:: What the task requires ::
Everything from the line containing "Used 2024 Lexus NX 350 AWD image 25" through the final line below must be output exactly, both ends included, with nothing else and no pictures.

:: Collected material ::
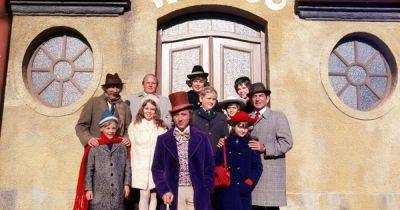 Original Willy Wonka and the Chocolate Factory stars now: From tragic death, soap roles and major career changes - www.ok.co.uk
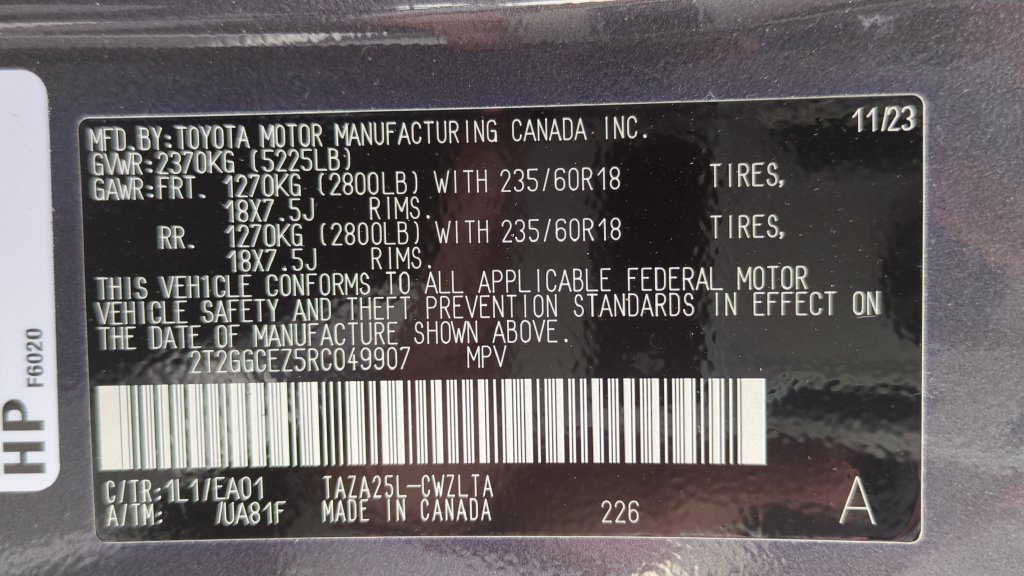 Used 2024 Lexus NX 350 AWD image 25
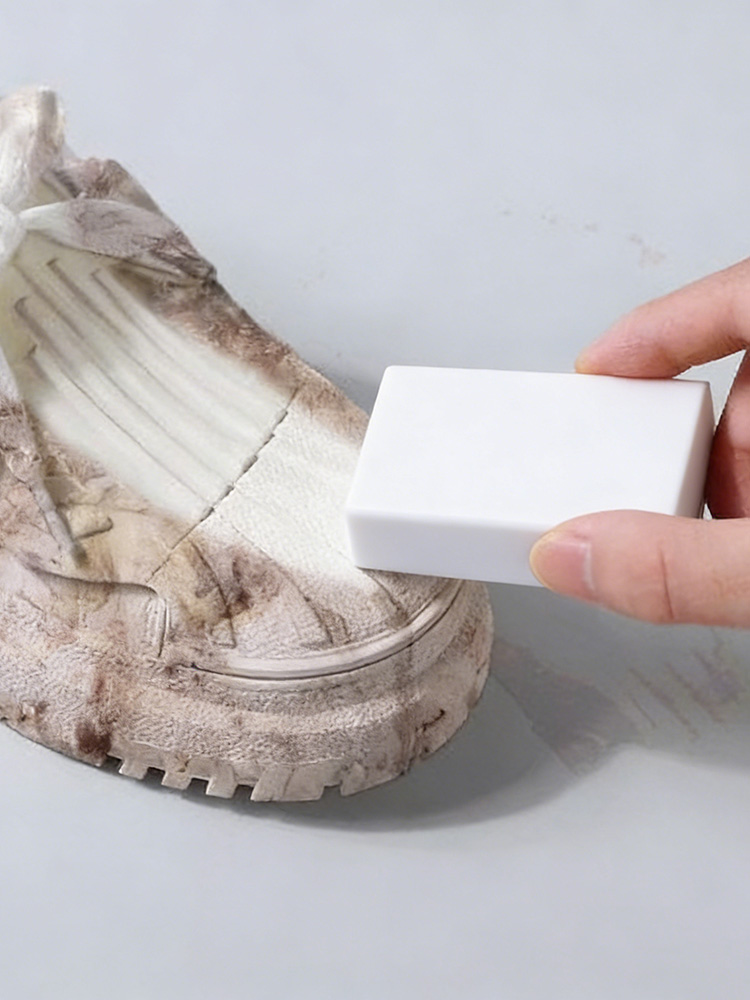 Borracha de Limpeza para Sapat - Sneaker Care Whitener avaliação e preço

:: Task output ::
 Used 2024 Lexus NX 350 AWD image 25
 Borracha de Limpeza para Sapat - Sneaker Care Whitener avaliação e preço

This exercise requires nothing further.